Often referred to as the ‘painter of light’, Turner is widely regarded as Britain’s foremost artist, whose unique and unprecedented style not only had a profound and lasting impact on British art, but was also a vital precursor to both the Impressionist and the much later Abstract Expressionist movements. (Monet openly acknowledged his indebtedness to Turner.) Major works of such astounding quality by Turner are rare on the international market. The last example to be offered (Rome, from Mount Aventine, painted in the same year as Ehrenbreitstein and offered at Sotheby’s in 2014) made a record £30.3 million/ $47.6 million – the highest price ever achieved for any British-born artist at auction, and placing Turner alongside Rubens and Raphael as one of just three artists from the pre-Impressionist era to have achieved prices at this level.
Julian Gascoigne, senior specialist in British Paintings, said: “Turner is one of those seminal figures who changed the way we see and think about the world. An artist rooted in the aesthetic philosophy and culture of his time, perpetually engaged with the art of both his predecessors and contemporaries, he was at the same time possibly the first ‘modern’ painter; who directly inspired the Impressionism of the nineteenth century, and presaged the Abstract Expressionism of the twentieth. These late works in particular, with their bold application of colour, treatment of light and deconstruction of form, revolutionised the way we perceive the painted image. By applying the techniques of a watercolourist to the use of oils, with successive layering of translucent colour thinly applied to the surface, which imbue his canvases with rich, hazy light, he gave his works an unprecedented poignancy and power that has rarely been rivalled since.”
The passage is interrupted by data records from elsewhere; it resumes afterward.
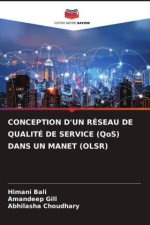 CONCEPTION D'UN RÉSEAU DE QUALITÉ DE SERVICE (QoS) DANS UN MANET (OLSR)
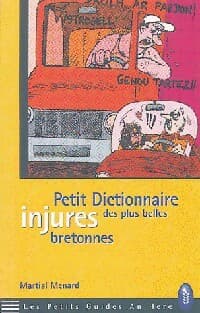 Petit dictionnaire des plus belles injures bretonnes - Martial Ménard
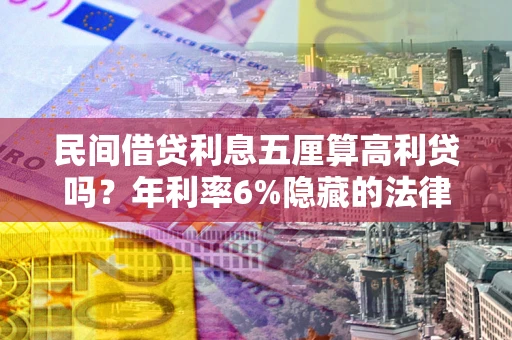武汉民间借贷利息五厘算高利贷吗？年利率6%隐藏的法律风险全解析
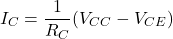 \[I_C = \frac{1}{R_C} (V_C_C-V_C_E)\]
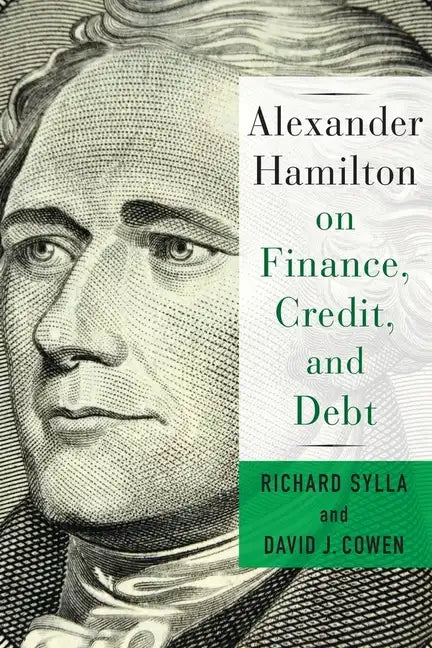 Alexander Hamilton on Finance, Credit, and Debt - Paperback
Alex Bell, Co-Chairman of Sotheby’s International Old Masters Department, added: “This painting was one of five that Turner exhibited at the Royal Academy in 1835; the other four of which are now in some of the most distinguished institutions in the world. Of those five paintings, it was Ehrenbreitstein that caught the imagination of public and critics alike – and it’s easy to see why. Its extraordinary range and depth of colour, and typically inspired and imaginative use of light, would in any case mark this painting out as a masterpiece, but its true greatness lies in the way Turner applies his painterly genius to transform the ruins of the famous fortress into a poetic and symbolic image as resonant then as it is today.“
The area of the Rhine, and especially the fortress of Ehrenbreitstein, held particular resonance for Turner. He first visited the area in 1817 and would return many times over the years, producing countless drawings in his sketchbooks and numerous watercolours. This painting relates specifically to a series of sketches he produced during his third tour of Germany in 1833, when he travelled down the Rhine en route to Vienna and then Venice, via Salzburg.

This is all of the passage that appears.